# Tila Tequila's dress!



## jilliandanica (Dec 27, 2007)

So for New Years I'm going to this big ol' party in the bay called Sneakers Required with Mos Def n Goapele. I want a super cute girly dress to pair with some new sneaks. I really want the dress that Tila wore on the finale...the black one. Anyone know where I can find it or something like it or even just some outfit suggestions? TIA!

I can't find a good pic, but I'll post one if i find one.


----------



## Loveleighe (Dec 27, 2007)

i hope this work's lol it was actually on my wishlist but I am too broke to buy a dress for NYE and not go out so i'm passing for now. 

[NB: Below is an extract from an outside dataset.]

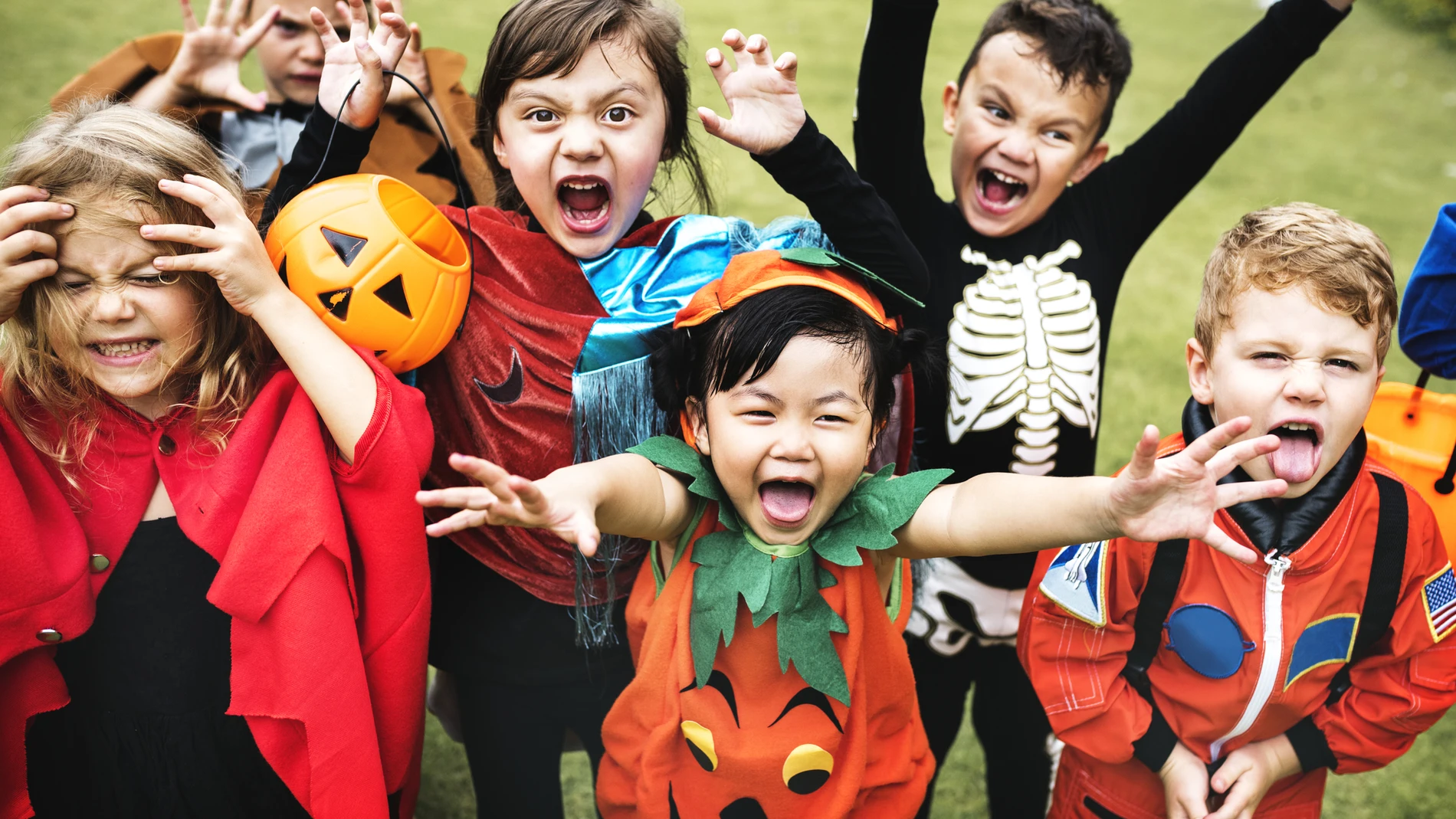 Niños disfrazados celebrando Halloween en Estados Unidos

Zac Posen - Runway Nationale Dress - eLUXURY

I know Betsey Johnson is like the wueen of those dresses too so you might want to check her out
i actually asked Tila lol she's my myspace friend from when i first signed up for it but she has millions of friends now so i prob won't get an answer back before then. hope i helped sorry


----------



## jilliandanica (Dec 27, 2007)

that Zac Posen dress is gorgeous...too bad it's like 3Gs!

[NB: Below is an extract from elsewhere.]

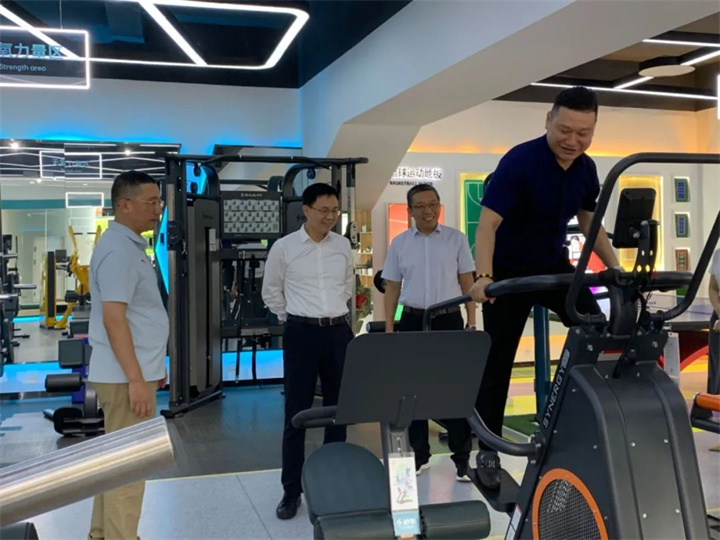 濟(jì)南市體育局局長(zhǎng)董懷敏一行蒞臨米兰·(milan)中国官方网站體育參觀指導(dǎo)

Betsey's dresses are SO cute. Super overpriced since I think they're like made in china...but cute nonetheless. I'm planning on checking our her boutique at Fashion Island in Newport. 

I thought about messaging tila on myspace too haha but her box is full. BOO!

Thanks again and hope you have an awesome new years!


----------



## Dreamergirl3 (Dec 27, 2007)

hmmm maybe this one?
"+popup_title+"


----------



## vivaXglamlove (Dec 31, 2007)

This is somewhat close to the dress and won't break the bank
This is also sorta like it..


----------



## jilliandanica (Jan 2, 2008)

I thought about getting those too but they didn't have them at Nordstroms.

I ended up using a older dress of mine and glamming it up with accessories.

Thanks to everyone for their input!


----------